The performance will take place Saturday, September 28, at 7:30 p.m. in the Meyer Auditorium at the Freer Gallery of Art in Washington, D.C. Tickets are $6 in advance and free at the door. For more information, visit

"The point of departure for our program is James Whistler's magnificent 10 O'Clock Lecture, a beautiful piece of writing and a lucid exposition of many of Whistler's ideas about art," said pianist Ganz. "The presentation will include an edited delivery of Whistler's lecture, along with imaginary dialogue with a musician from our time. Michael will play the part of Whistler and I'll play the musician," said Ganz.
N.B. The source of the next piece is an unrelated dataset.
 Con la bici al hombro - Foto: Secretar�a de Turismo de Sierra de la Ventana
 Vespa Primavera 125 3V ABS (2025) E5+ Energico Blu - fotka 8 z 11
The lecture and dialogue will be illustrated with performances and discussion of several works of Debussy and other composers, including Debussy'sPreludes(Books 1 and 2), Images(Books 1 and 2), and Estampes. Complementing these are works by composers Maurice Ravel, Igor Stravinsky, jazz pianist Bill Evans, and George Crumb, all of whom were indebted to Debussy. In between musical selections, Tolaydo will read from Debussy's letters and Whistler's influential Ten O'Clock Lecture. These are read alongside poems by Stephane Mallarmé and other Symbolist poets, whose imaginative and evocative writings influenced both Whistler and Debussy.

Ganz was invited to create this presentation for the Freer Gallery of Art, in conjunction with an exhibit of Whistler watercolors. "I immediately thought of Michael, and was delighted when he was available and interested. I've always wanted to try my hand at acting, and to do that alongside a former colleague is a joy. The writing was an added challenge...and pleasure. I fell in love with Whistler's lecture, and it provided all the inspiration we needed."

"Whistler and Debussy were friends, and Debussy was captivated by Whistler's lecture," Ganz continued. "We associate the phrase 'art for art's sake' with Whistler, and credit him with a fresh vision of artistic beauty. And we also say that Debussy taught us to hear harmony in a new way, thus ushering in a 20th century of extraordinary creative vitality in music. This presentation explores common ground in their artistic world views."